YOUR TASK:
Return, exactly and in full, the lines of the records below starting at the one with "Micro Ingredients, Органическое" and ending at the one with "Supreme fleece neck", and no other lines.
START DATA FOR PROCESSING
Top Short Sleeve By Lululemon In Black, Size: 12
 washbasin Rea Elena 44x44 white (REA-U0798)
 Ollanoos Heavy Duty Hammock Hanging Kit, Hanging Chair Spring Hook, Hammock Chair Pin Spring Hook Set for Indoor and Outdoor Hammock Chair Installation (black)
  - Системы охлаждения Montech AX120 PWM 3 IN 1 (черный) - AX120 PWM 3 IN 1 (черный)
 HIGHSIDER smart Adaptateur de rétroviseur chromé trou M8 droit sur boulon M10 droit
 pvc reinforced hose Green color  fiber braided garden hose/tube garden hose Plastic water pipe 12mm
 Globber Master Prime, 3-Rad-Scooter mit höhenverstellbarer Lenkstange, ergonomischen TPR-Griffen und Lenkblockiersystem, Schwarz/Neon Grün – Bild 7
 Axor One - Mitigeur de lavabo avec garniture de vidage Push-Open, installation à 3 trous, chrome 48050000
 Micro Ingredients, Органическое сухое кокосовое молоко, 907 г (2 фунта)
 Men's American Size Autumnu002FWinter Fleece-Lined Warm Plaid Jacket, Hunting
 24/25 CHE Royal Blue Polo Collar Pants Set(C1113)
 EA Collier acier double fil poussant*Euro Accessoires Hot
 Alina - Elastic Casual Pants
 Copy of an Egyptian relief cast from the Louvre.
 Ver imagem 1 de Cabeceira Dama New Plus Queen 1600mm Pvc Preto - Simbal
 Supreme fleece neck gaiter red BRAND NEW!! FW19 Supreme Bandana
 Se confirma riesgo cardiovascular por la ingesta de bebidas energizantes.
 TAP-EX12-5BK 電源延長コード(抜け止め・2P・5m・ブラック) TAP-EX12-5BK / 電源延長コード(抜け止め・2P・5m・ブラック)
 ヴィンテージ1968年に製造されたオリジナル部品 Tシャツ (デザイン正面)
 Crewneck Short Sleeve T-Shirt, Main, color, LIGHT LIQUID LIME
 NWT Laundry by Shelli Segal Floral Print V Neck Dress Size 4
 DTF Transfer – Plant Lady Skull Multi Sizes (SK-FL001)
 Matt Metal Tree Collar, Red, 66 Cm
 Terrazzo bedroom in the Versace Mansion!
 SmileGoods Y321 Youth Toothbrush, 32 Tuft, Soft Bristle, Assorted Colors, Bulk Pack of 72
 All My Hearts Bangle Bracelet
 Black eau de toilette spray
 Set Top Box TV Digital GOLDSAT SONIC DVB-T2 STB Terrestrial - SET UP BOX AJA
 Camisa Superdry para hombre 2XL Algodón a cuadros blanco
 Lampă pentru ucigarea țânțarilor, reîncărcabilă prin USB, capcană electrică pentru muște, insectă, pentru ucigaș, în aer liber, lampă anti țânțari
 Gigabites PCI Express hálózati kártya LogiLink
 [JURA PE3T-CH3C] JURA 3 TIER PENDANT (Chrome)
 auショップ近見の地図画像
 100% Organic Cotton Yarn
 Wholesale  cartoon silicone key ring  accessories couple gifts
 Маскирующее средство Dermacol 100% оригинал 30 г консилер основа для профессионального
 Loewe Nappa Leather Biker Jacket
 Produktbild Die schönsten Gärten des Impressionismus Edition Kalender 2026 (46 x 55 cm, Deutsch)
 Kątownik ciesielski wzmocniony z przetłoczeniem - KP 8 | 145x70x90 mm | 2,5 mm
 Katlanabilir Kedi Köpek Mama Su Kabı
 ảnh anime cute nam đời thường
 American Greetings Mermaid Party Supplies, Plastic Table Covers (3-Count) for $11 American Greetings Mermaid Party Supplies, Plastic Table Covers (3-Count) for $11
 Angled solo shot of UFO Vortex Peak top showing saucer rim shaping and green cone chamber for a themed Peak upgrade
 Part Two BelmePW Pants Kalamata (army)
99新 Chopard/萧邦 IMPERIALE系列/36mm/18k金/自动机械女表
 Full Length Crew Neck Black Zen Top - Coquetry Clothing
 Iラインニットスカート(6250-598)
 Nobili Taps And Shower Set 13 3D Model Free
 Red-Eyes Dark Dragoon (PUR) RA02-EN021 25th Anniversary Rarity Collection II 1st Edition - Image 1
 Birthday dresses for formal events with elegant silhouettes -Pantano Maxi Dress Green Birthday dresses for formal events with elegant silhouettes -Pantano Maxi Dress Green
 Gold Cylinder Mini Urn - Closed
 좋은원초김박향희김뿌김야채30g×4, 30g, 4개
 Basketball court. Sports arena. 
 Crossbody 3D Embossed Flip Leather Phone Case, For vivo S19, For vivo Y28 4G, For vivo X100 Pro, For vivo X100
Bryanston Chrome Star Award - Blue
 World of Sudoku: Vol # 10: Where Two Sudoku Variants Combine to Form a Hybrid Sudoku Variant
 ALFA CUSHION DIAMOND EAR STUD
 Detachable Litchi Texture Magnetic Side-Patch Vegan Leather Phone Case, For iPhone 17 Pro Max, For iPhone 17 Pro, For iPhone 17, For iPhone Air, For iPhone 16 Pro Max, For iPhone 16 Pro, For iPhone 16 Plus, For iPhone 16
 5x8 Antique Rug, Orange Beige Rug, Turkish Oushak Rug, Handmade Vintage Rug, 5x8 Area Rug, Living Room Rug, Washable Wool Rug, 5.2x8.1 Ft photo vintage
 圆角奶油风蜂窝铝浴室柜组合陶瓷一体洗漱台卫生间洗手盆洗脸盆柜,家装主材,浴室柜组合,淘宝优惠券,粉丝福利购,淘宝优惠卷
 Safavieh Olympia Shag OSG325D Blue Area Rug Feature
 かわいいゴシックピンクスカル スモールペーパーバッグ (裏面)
END DATA FOR PROCESSING
EXPECTED OUTPUT:
 Micro Ingredients, Органическое сухое кокосовое молоко, 907 г (2 фунта)
 Men's American Size Autumnu002FWinter Fleece-Lined Warm Plaid Jacket, Hunting
 24/25 CHE Royal Blue Polo Collar Pants Set(C1113)
 EA Collier acier double fil poussant*Euro Accessoires Hot
 Alina - Elastic Casual Pants
 Copy of an Egyptian relief cast from the Louvre.
 Ver imagem 1 de Cabeceira Dama New Plus Queen 1600mm Pvc Preto - Simbal
 Supreme fleece neck gaiter red BRAND NEW!! FW19 Supreme Bandana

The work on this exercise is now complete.